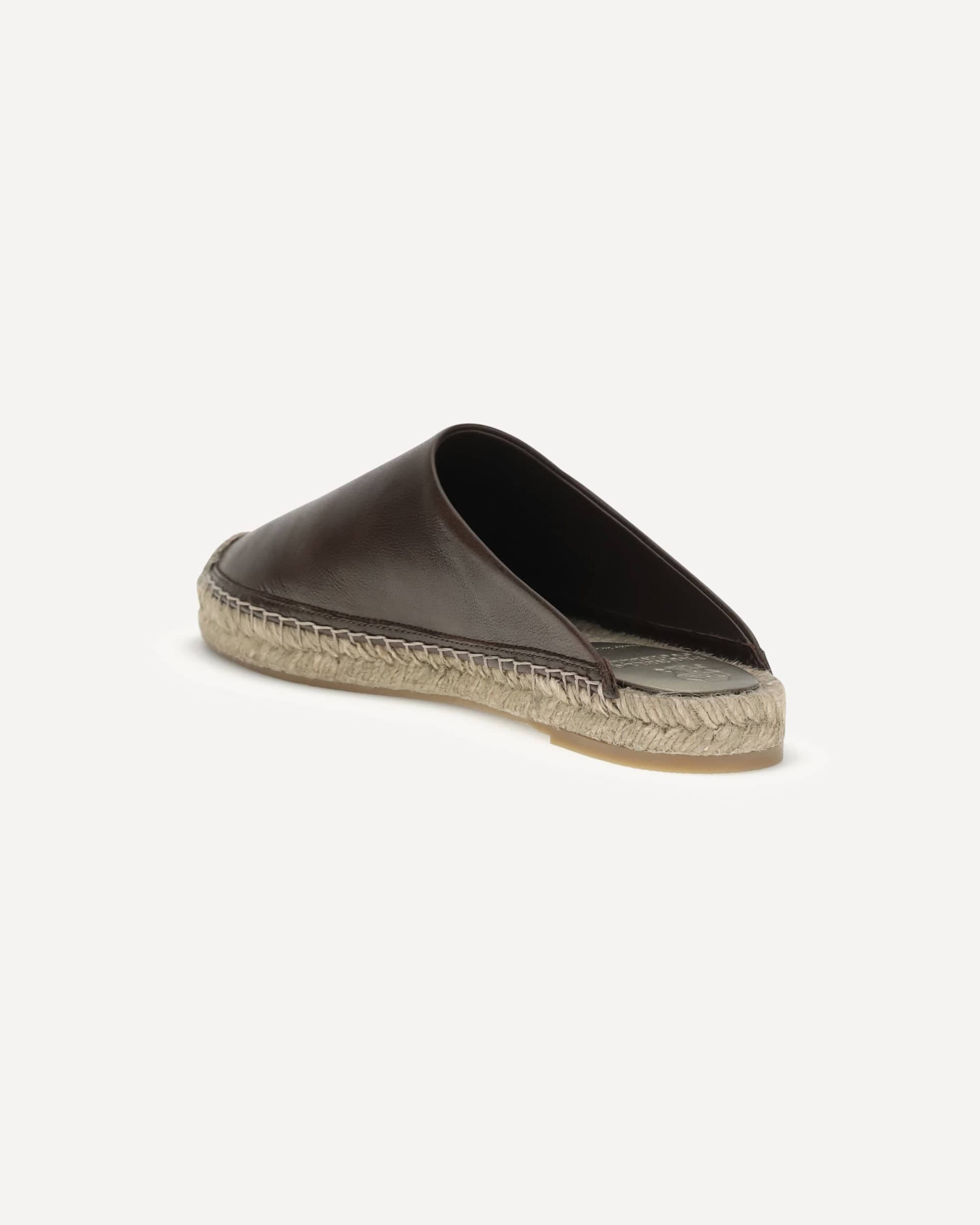 Brunello Cucinelli Leather Espadrilles Mules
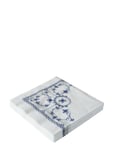 Kunstindustrien Musselmalet Lunch Napkins, 33X33, 20 Pce Vit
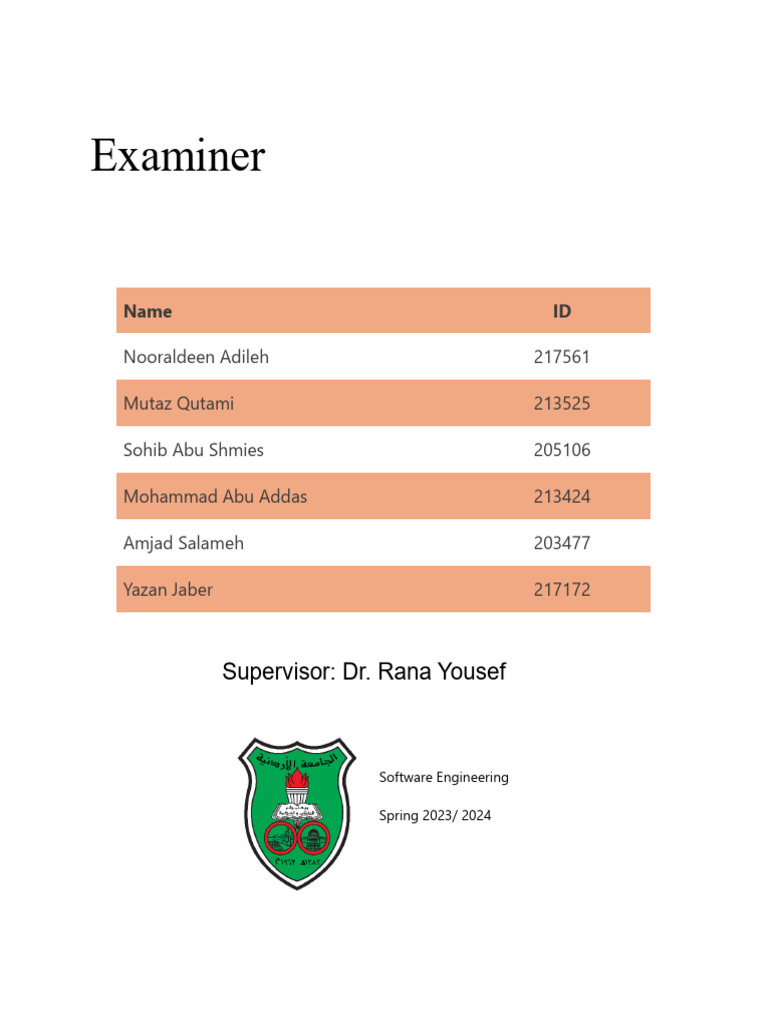 Software Engineering Project Plan | PDF | Computer Security | Security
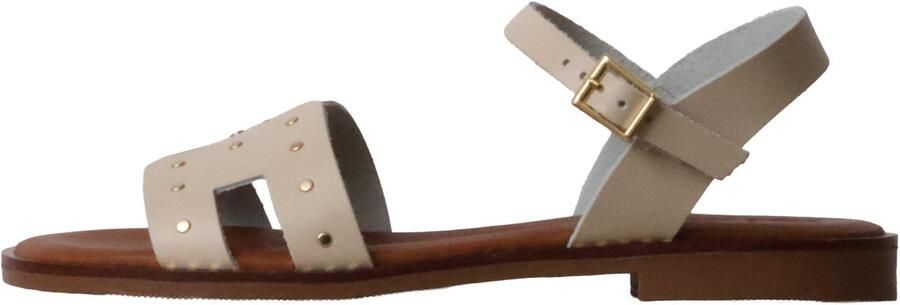 OH MY SANDALS Platte leren sandalen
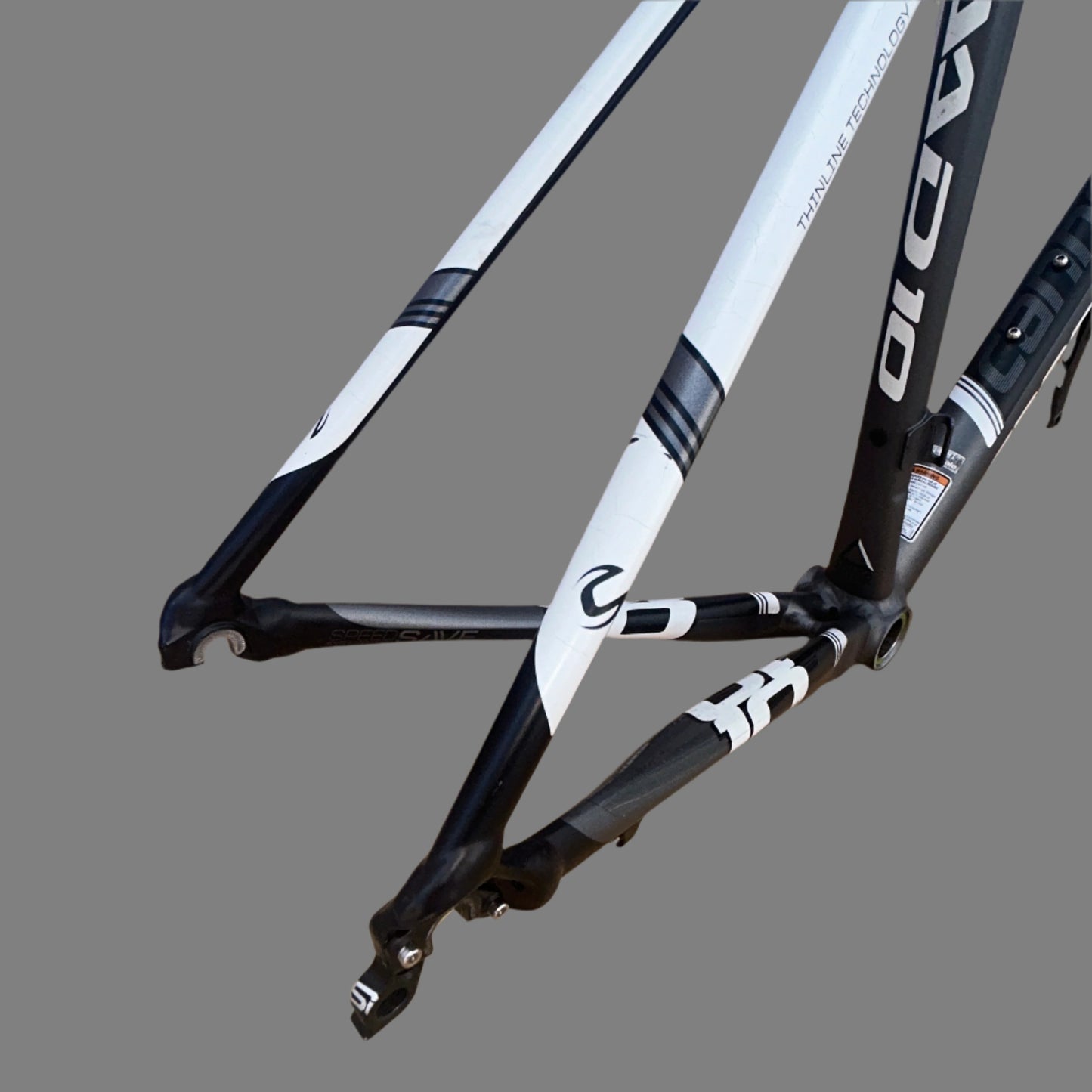 Cannondale Caad 10 Black 52cm Frameset Fork Headset Seatpost Stem Bar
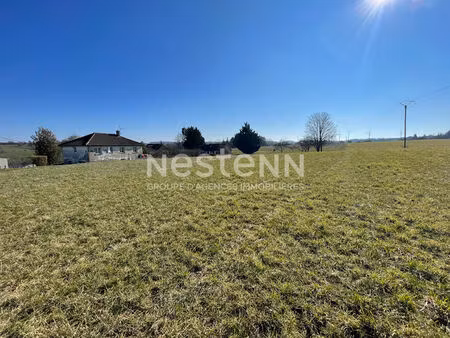erize-la-brulee - terrain constructible 3175m²  secteur calme et verdoyant. sortie de vill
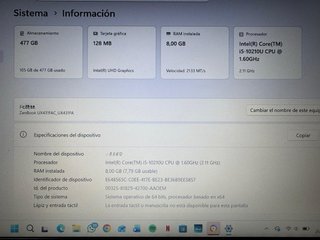 ASUS ZenBook UX431FAC Gris/Plata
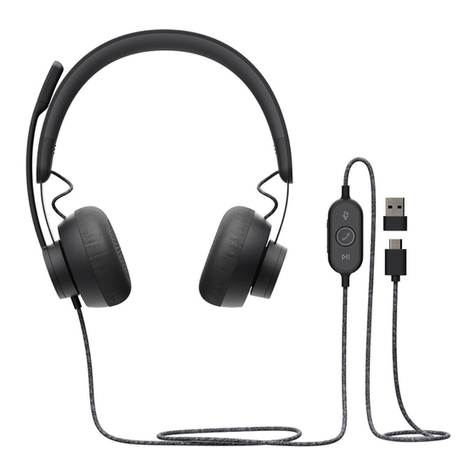Logitech Zone Wired User manual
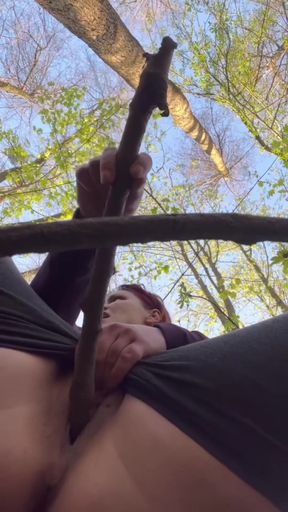 Emotional moment from &quot;My kinky Easter - outdoor bdsm and humiliation orgasms&quot;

◆ **Exercise instructions**: Repeat the exact lines from the first line of the data through the line containing "Cannondale Caad 10". Nothing else, no pictures.

◆ **Task answer**:
 Brunello Cucinelli Leather Espadrilles Mules
 Kunstindustrien Musselmalet Lunch Napkins, 33X33, 20 Pce Vit
 Software Engineering Project Plan | PDF | Computer Security | Security
 OH MY SANDALS Platte leren sandalen
 Cannondale Caad 10 Black 52cm Frameset Fork Headset Seatpost Stem Bar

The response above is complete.